Give these a try and don’t forget to donate to Timothy’s work if you find it of use.
Also, note that you can use Lightroom’s post-crop vignette feature to generate curved borders (in black or white) with less flexibility but also without plugins.
—
Update 12/21/2008: Much of this writeup now has more historical than practical value, since Timothy Armes has updated LR2/Mogrify to support multiple border options within the plugin’s own control panel. You can specify different-sized frames & borders without any extra monkeying around. Nice work, Tim!
—
A question recently came up in one of the Lightroom groups over on flickr about creating images with large borders on just one side — space within a frame to place a title, for example, but just along a single edge of an image. The poster wanted to create images such as those found here, and wondered if it was doable without diving out to an external tool like Photoshop. The first working proposal was to use a graphical frame applied in the print module, but that isn’t an ideal solution for me; it still requires setting up that frame with something like Photoshop, and to apply it you have to switch modes. So I tinkered a while with a photo I took a couple of nights ago, and managed to get what I think is a nice solution via a direct export from Lightroom using the fantastic LR2/Mogrify plugin from Timothy Armes.
The out-of-the-box options for this plugin don’t provide a capability to create different-sized borders to an image, but the underlying engine for the plugin, Imagemagick’s mogrify tool, does — after a fashion.

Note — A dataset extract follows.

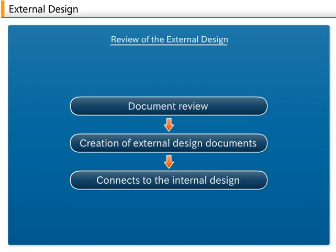If there are problems, the external design process continues until they are eliminated. This kind of review is held at the end of the external design, internal design, and program design processes. The review meeting is called a walkthrough. The purpose of a walkthrough is to find design errors at an early stage.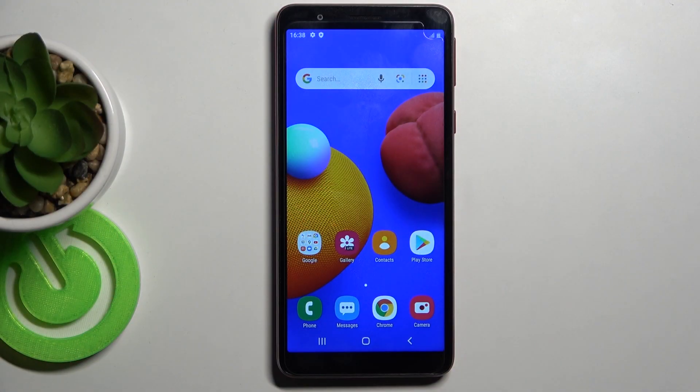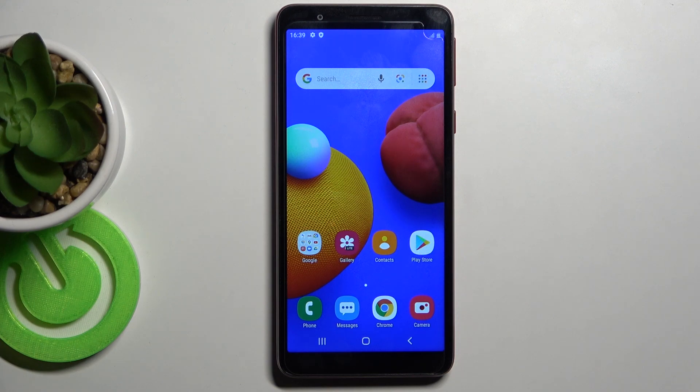In front of me is Samsung Galaxy A01 Core, and let me show you how to activate Demo Mode on this phone.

So, in a nutshell, the trick is to use the command line element of LR2/Mogrify in addition to its other features, to add to the picture’s canvas size before performing the other operations.

There are just a couple of tricks to get this to work smoothly using LR2/Mogrify. First is to add the extent command to the mogrify configuation, specifying the resulting size of the image you want to export:

I’ve specified the command -background white -extent 3008×2158 to be prepended to the mogrify command line that LR2/Mogrify will execute for me. I’m exporting an original image that’s 3008×2008, so I’ve specified 2008×2158 to the final image — adding 150 pixels, which will be filled with a white background. Next I use the built-in features of LR2/Mogrify to add the colored frames and the text overlay.

Because the extent command was applied to the beginning of the command line, the borders will be applied to the new image — the one with the bigger lower border created by extent.

The text overlay is just a bit strange. Note that instead of specifying the text to fall at the bottom, I’ve placed it at the top center of the image, with an offset of 2158 pixels. For some reason, directly placing it at the bottom center reverses the position of the new white border — it ends up at the top of the image, through some kink of mogrify that I can’t quite sort. It’s easy enough to compensate with the offset.
Export away, and that’s all it takes. You’ve built an image with a nice broad frame and caption, all right from Lightroom’s export panel. No Photoshop or print module necessary. Fun.